A.5 Tenant Context Propagation

tenant_id must survive across all async boundaries — HTTP requests, job execution, workflow transitions, and event handlers — without requiring callers to pass it manually through every function signature.

Mechanism

The platform uses Node.js AsyncLocalStorage as the canonical tenant context carrier.
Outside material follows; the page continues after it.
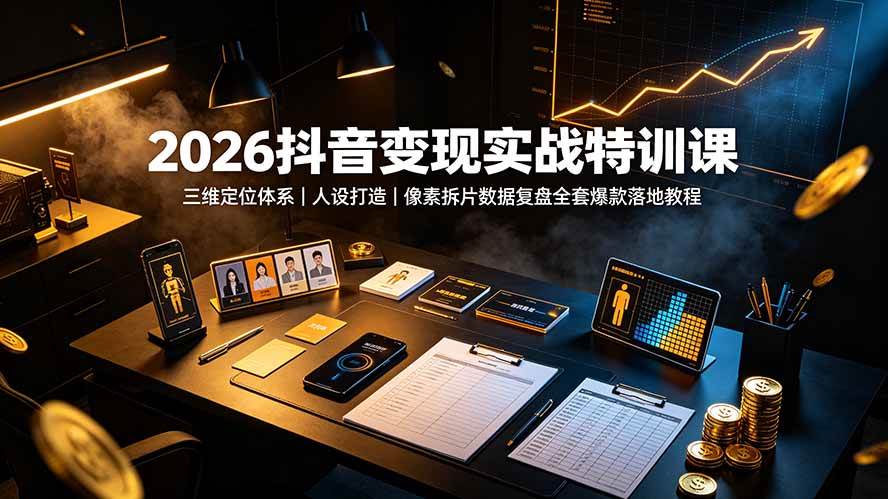 (19419期)2026抖音变现实战特训课:三维定位体系|人设打造|像素拆片数据复盘全套爆款落地教程-来友网创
// packages/platform/runtime/tenant-context.ts

import { AsyncLocalStorage } from 'node:async_hooks';

interface TenantContext {
tenantId: string;
actorId: string;
correlationId: string;
}

export const tenantStore = new AsyncLocalStorage<TenantContext>();

export function getCurrentTenant(): TenantContext {
const ctx = tenantStore.getStore();
if (!ctx)
throw new Error('Tenant context not set — are you outside a request/job/workflow scope?');
return ctx;
}

Context restoration rules

When restoring context from a persisted row, actorId and correlationId may be null (e.g. for cron-triggered jobs or system-initiated workflows). The restoration code must handle this:

  • tenantId — always present; read from the row's tenant_id column. Required.
  • actorId — read from the row's actor_id column if present; falls back to 'system' if null.
  • correlationId — read from the row's correlation_id column if present; a new ID is generated if null.
Entry pointHow tenant context is set
HTTP request (apps/api)NestJS middleware extracts tenant_id, sub (actor), and correlation header from the JWT/request and enters tenantStore.run() before the controller executes. All three fields are available.
Job claim (apps/agents)After FOR UPDATE SKIP LOCKED returns a job row, the worker reads tenant_id, actor_id, and correlation_id from the row and enters tenantStore.run(). actor_id and correlation_id may be null (see fallback rules above).
Workflow transition (apps/agents)After loading the workflow_runs row, the runner reads tenant_id, actor_id, and correlation_id from the row and enters tenantStore.run(). Same fallback rules apply.
Event handlerThe outbox consumer reads tenant_id, actor_id, and correlation_id from the event payload and enters tenantStore.run().
MCP tool invocationThe MCP server reads tenant_id from the session/request metadata and enters tenantStore.run(). Actor is the agent identity; correlation ID comes from the session trace.

Prisma integration

The Prisma client auto-attaches tenant_id to the database session for RLS enforcement. The implementation must satisfy two invariants:

  1. Parameterized SQL only — never interpolate tenantId into a string. Use $executeRaw with tagged template literals (see A.3 whitelist).
  2. Same session guarantee — the SET LOCAL and the subsequent query must execute within the same database transaction/session, otherwise the RLS variable is not visible to the query.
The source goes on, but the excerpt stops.